Concerning topological manifolds: Are paracompact and connected locally euclidian Hausdorff spaces always second-countable

general-topologymanifoldsparacompactnesssecond-countable

There are different definitions for topological manifolds, sometimes second-countability or paracompactness are added to being locally euclidian Hausdorff. (Sometimes Hausdorff is also left out, but I won't do that here.) The two additional conditions lead to two new definitions not equivalent to the one without, for example the long line is locally euclidian Hausdorff, but neither second-countable nor paracompact. (Six examples for the independence of the conditions when second-countable is added can be found here.) I was wondering if the two new definitions (secound-countable locally euclidian Hausdorff as well as paracompact locally euclidian Hausdorff) are equivalent? We indeed have an implication:

Lemma 1: Second-countable and locally compact spaces are $\sigma$-compact (See here).

Lemma 2: Locally compact and $\sigma$-compact spaces are paracompact (See here).

For a second-countable locally euclidian Hausdorff space, we have: It is locally euclidian and therefore locally compact. According to lemma 1 it is $\sigma$-compact and according to lemma 2 it is paracompact.

Can the backwards direction, that paracompact locally euclidian Hausdorff spaces are second-countable also be proven or can someone give a counterexample?

Since Sassatelli Guilio has provided a counterexample to this, but it is not connected: What about when connectedness is added?

Best Answer

Eric Wofsey has answered your question in mathoverflow.
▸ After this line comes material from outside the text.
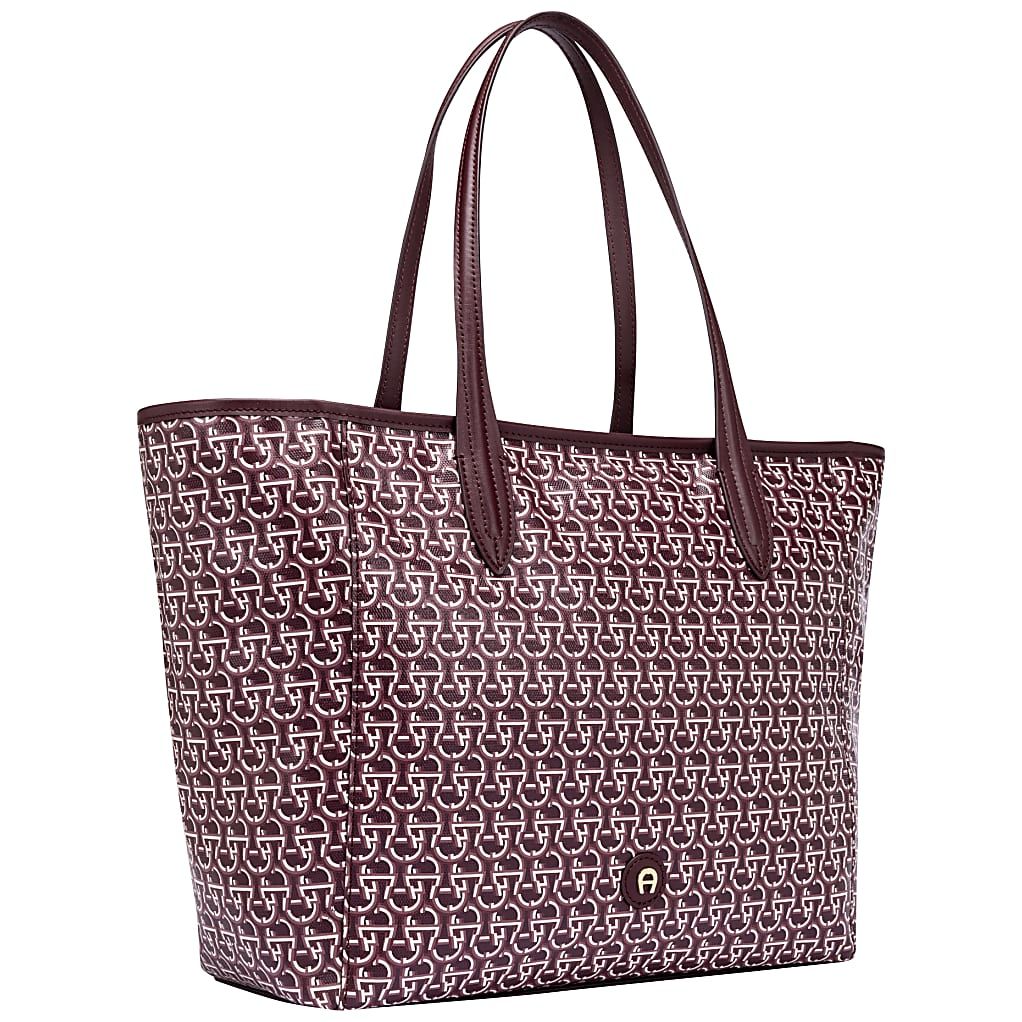 AIGNER PORTAMI SHOPPER M - ANTIC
Here is a similar approach.

  1. A connected, locally compact, paracompact Hausdorff space is $\sigma$-compact. See here.

  2. Let $X$ be a paracompact and connected locally euclidian Hausdorff space. Cover $X$ by open subsets $B_\alpha$ which are open euclidean balls. Since $X = \bigcup_n K_n$ with compact $K_n$, countably many $B_k = B_{\alpha_k}$ suffice to cover $X$. Thus $X$ is a countable union of second countable open subsets. Therefore $X$ is second countable.

Note that "locally euclidean" can be replaced by "locally second countable".